O bastonário da Ordem dos Médicos, Miguel Guimarães, defendeu no sábado a criação de um programa excecional para recuperar atrasos nas consultas, cirurgias e meios de diagnóstico devido à covid-19.

“Se não tivermos um programa excecional nunca vamos recuperar aquilo que perdemos”, disse, no sábado à noite, em entrevista à Antena 1 e ao Jornal de Negócios, defendendo que esse programa deve durar alguns meses, porque caso contrário muitos doentes vão “perder a oportunidade de tratamento”.

Miguel Guimarães insistiu que o Ministério da Saúde não está a fazer o suficiente nesta matéria e que as pessoas precisam de uma resposta “agora”.

Nas contas do bastonário, comparando março, abril e maio de 2020 com os mesmos meses do ano passado, este ano, por causa da pandemia do novo coronavírus, fizeram-se menos três milhões de consultas nos cuidados primários (menos 57%), menos 900 mil consultas nos hospitais (redução de 38%), e menos 93 mil cirurgias. Nos mesmos meses deste ano foram às urgências menos de metade (44%) das pessoas e ficaram por fazer “milhões” de exames complementares de diagnóstico.

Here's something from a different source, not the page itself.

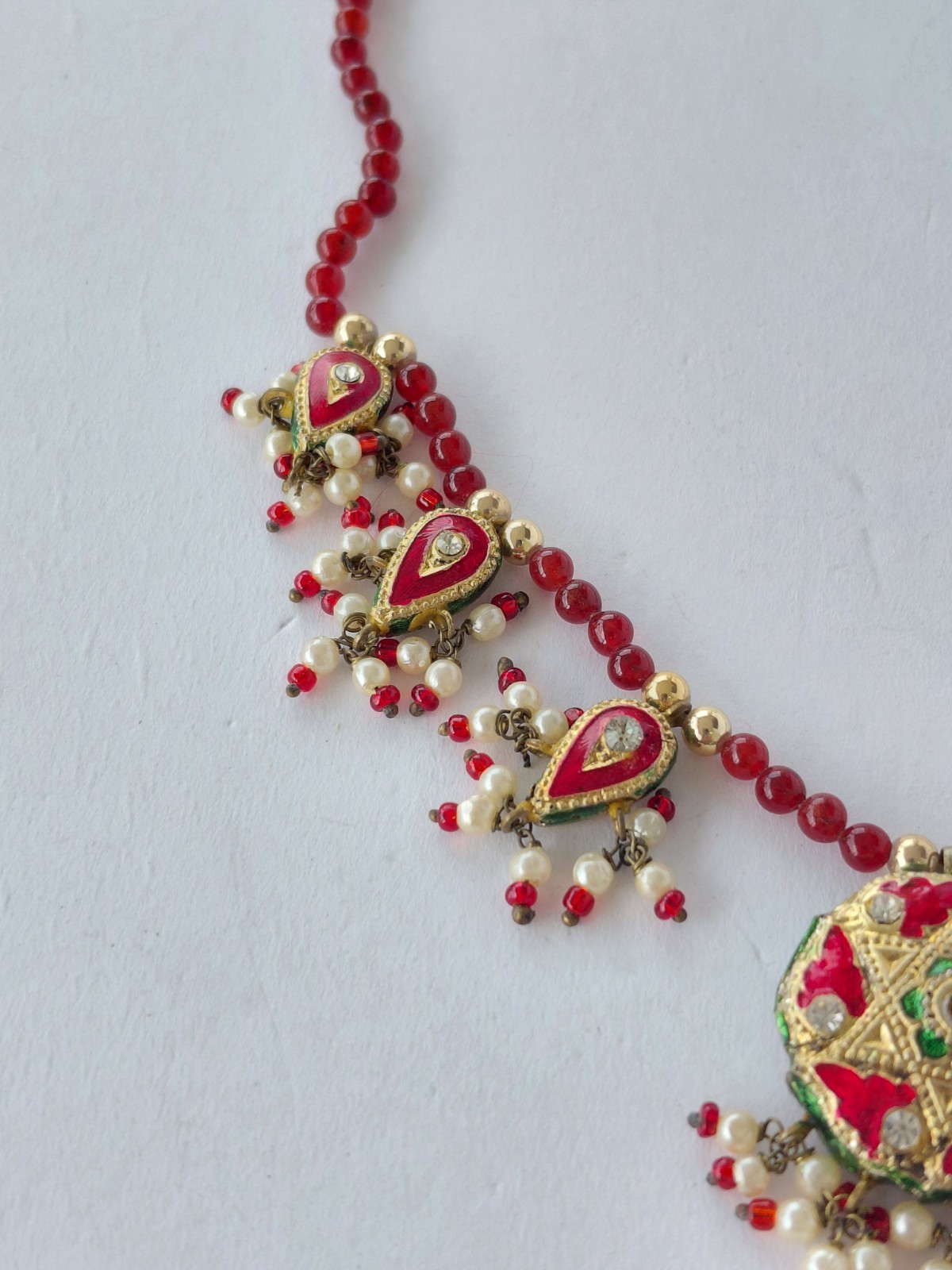 Vintage Necklace Kundan Polki Traditional Indian Wedding Enamel Multicolor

Na mesma entrevista, o responsável afirmou-se também preocupado com a “exaustão” dos profissionais de saúde, que no primeiro semestre do ano já fizeram mais 17% de horas extraordinárias, e disse que “os médicos precisam de parar um bocado” porque “não parar pode ter consequências desastrosas” para os profissionais.

Quanto ao número de médicos infetados com covid-19, o bastonário disse que num inquérito feito pela Ordem, dos 2.600 questionários respondidos 49 disseram que estavam ou tinham estado infetados, pelo que transpondo para o universo total de médicos indica que 1.017 estão ou já estiveram infetados, o que corresponde a 2% da classe.

Quanto ao prémio aos profissionais de saúde envolvidos no combate à pandemia, aprovado pela Assembleia da República no início do mês, Miguel Guimarães afirmou que os profissionais não precisam de um prémio, mas sim da revisão da carreira, porque “têm das carreiras mais desvalorizadas da Europa”. A ministra da Saúde, disse, não tem valorizado o trabalho dos médicos.

O bastonário voltou a alertar para a possibilidade de uma segunda vaga da epidemia no inverno e considerou fundamental reforçar a vacina para a gripe, reforçar já a capacidade de internamento e pensar em dois hospitais de retaguarda, um para Lisboa e outro para o Porto.

Portugal teve até hoje 48.390 infeções por covid-19, dos quais resultaram 1.684 mortes, segundo os últimos números da Direção-Geral da Saúde.